Prominent Canadian performance associations like the CMPA, the Alliance of Canadian Cinema Television and Radio Artists (ACTRA) and the Writer’s Guild of Canada lauded Joly’s announcement in respective press releases.
However, Stephen Waddell, ACTRA’s National Executive Director, added a “note of caution” about the Netflix partnership saying that Netflix’s ability to create its own rules will “continue undermine our broadcasting system.”
ACTRA’s Nov. 2016 submission to the ministry regarding culture consultations detailed worries about Canadian broadcasters operating within the “traditional system” while others “specifically Netflix, in the same market, are completely exempt” from regulations, taxes and meeting requirements.
Netflix has denied it’s a broadcaster, stating it’s instead an “online service.”
Others saw some positive signs in Joly’s speech beyond the Netflix agreement.
“Probably the more significant part of the Minister’s announcement was the promise to top up the Canadian Media Fund (CMF), because they’ve seen a drop in their revenues,” said Anja Karadeglija, Editor at The Wire Report, an online publication that specializes in business, tech and government.
According to the fund’s website, the CMF delivers “financial support to the Canadian television and digital media industries” and receives money from the government and cable companies. Karadeglija said the top-up is required, since the revenues of TV providers have dropped in recent years.
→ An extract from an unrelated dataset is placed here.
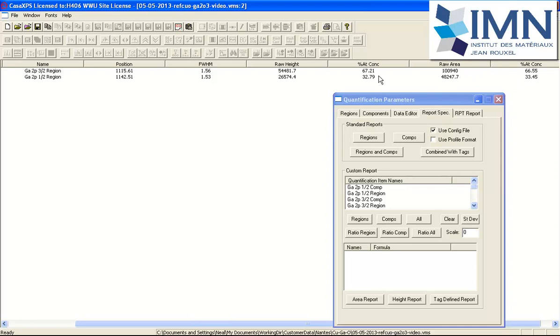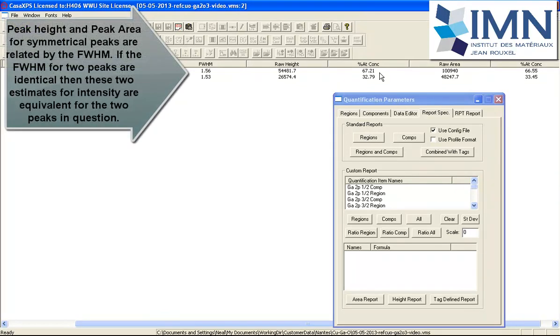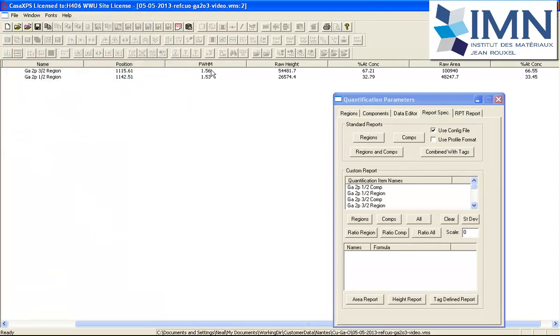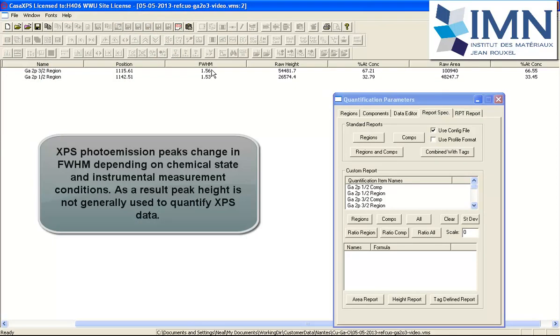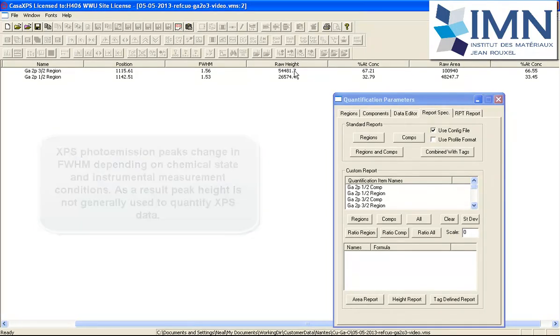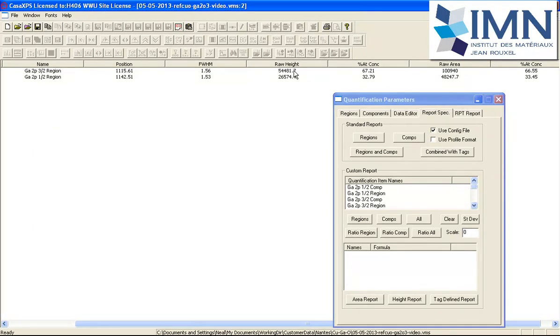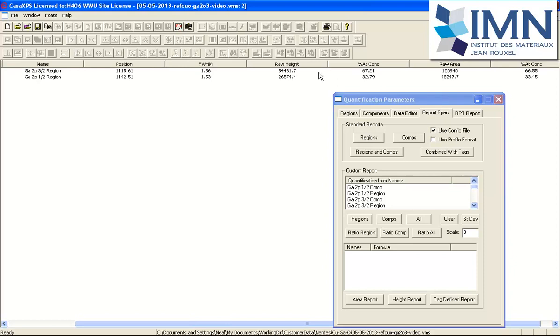We can see that the concentration looks very similar between the raw height and the raw area when the adjustments are made. But this is a bit of an illusion, because the reality is the full width half maxima are very similar, and therefore the area and the height will be almost equivalent when you have the same full width half maxima. However, if they're different, then the concentration calculated using the same RSF for the height and the area would be very different.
For Mark Edwards, of Ottawa-based entertainment law firm Edwards PC, Creative Law and a former media producer himself, another positive was the revelations on showcasing the results of this partnership abroad.
“The aspect of the announcement that interested me the most was the $125 million the federal government is going to put into international marketing of Canadian content,” said Edwards, referring to the creative export strategy that was also a part of the minister’s announcement.
Joly proposed $125 million will to go towards the new strategy, which is in collaboration with Global Affairs Canada.
“That jumps out at me because, although Canada currently supports the international sale of its productions, I really do think this is the future of Canadian productions: reaching out beyond Canadian borders to tell stories to the rest of the world and reduce our dependence on the government and mandated subsidies,” said Edwards.
Representatives from Joly’s office were contacted but did not return communication in time for publication.